立春が過ぎたといってもここでは2月いっぱいは冬だ。
静かに春を待つといった風情だが、積雪は少なく、天気が2日もあれば融けて地肌を見せる。
昨日西瓜組合の新年総会が開催され新執行部が了承されスタートした。
いつものことながら、いよいよ始まるのかと喜びと同じほどに不安も募る。
人によっては名人と呼ばれ、いつも高品質のものを育てる事が出来ると云われるが、農業は工業製品と違って、毎年環境が違うのである。
連作を嫌って田畑を替える度に土質も違えば気候も違う、風の通りも地形によって違うし人の手もその時の体調によっては如実に作物に現われる。
そんな事もあって春を迎える頃になると僕の場合はいつも心が落ち着かなく、不安を拭うように大先輩を訪れては色々とお話しを伺うことにしている。
もの作りの世界では一つでも経験の深い先輩はそれだけで尊敬できると僕は思っている。
僕にすれば先輩方の話を伺うことは百科事典を紐解くようなものだ。
経験が深ければ深いほどその話の内容にはこれから自分が進む方向のヒントが示されているのだと思っている。
前にも言ったかと思うが、僕らの仕事は二期作地帯を除いては一年に一度しか同じものを作れないのだ。お米にしたってそうなのだ。
工業製品なら何千回、何万回と作れるかもしれないが、僕らは一年に一回なのだ。 したがってどんなに名人と呼ばれようが生涯にせいぜい50回か60回の世界なのだ。
そんな農業では良いも悪いも経験は決して疎かには出来ないものとして僕は考えている。 だから僕はいつも疑問を持ったり、不安になったりすると大先輩を訪ねる。
必ずしも作物のことばかりとは限らず、色んな世間話の中にも隠されたヒントが山ほどあると思っているからだ。
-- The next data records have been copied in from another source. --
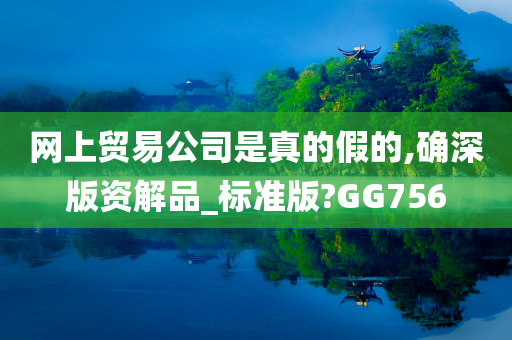 网上贸易公司是真的假的,确深版资解品_标准版?GG756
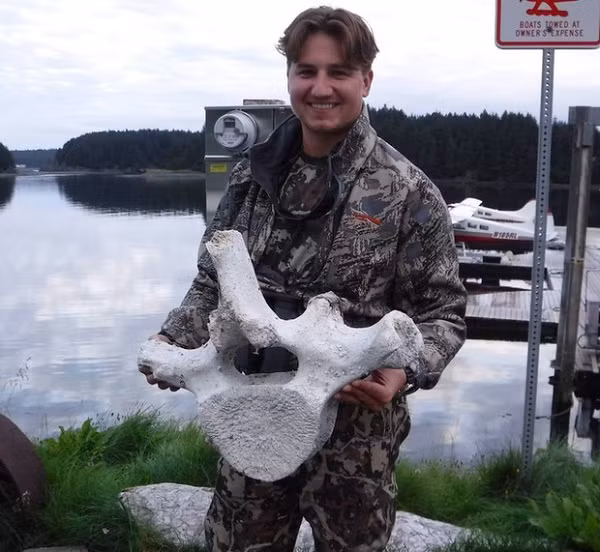 Một đốt xương sống của cá voi.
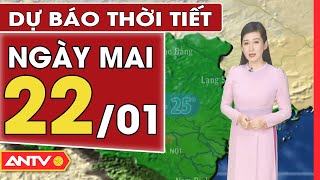 Dự báo thời tiết ngày mai 22/1: Hà Nội vẫn mưa nhỏ và rét, TP. HCM đêm không mưa | ANTV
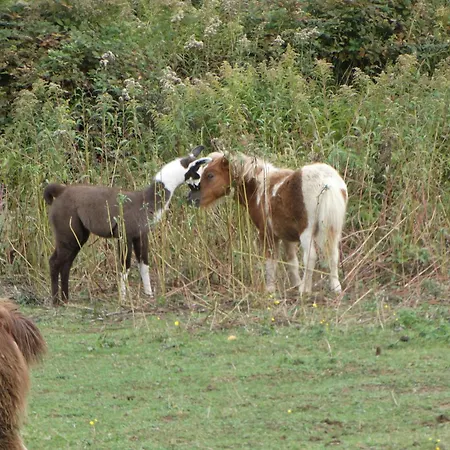 Eko Pony Ranch Ogrizek Lägenhet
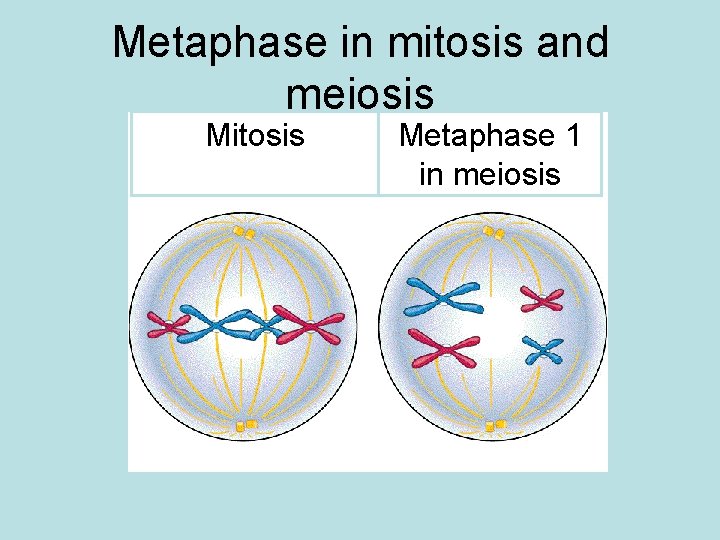 Metaphase in mitosis and meiosis Mitosis Metaphase 1 in meiosis 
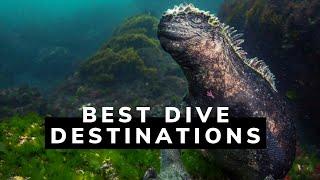 Top 5 Best Dive Destinations in the World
日中は少しは良くなった首から肩にかけての痛みは夜に入り、寝入る頃になると痛みが増してくる。 実は一昨日から接骨院を替えたのだが、それでも一向に良くならないことに焦りが出てきて、そんな愚痴話でも聞いてもらおうと今日もある大先輩を尋ねた。
先輩夫妻は村祭りで使う米俵のミニチュア作りに励んでおられた手を休め、僕のたわいもない話を四時間にも亘って相手にしてくださった。
話し終え家路に着く頃には 「よし!今年も頑張るぞ」 って気持ちになるんだ。 これって何十年も現役で頑張ってこられた方たちには不思議な力があるんだと僕なりに信じてることなのだ。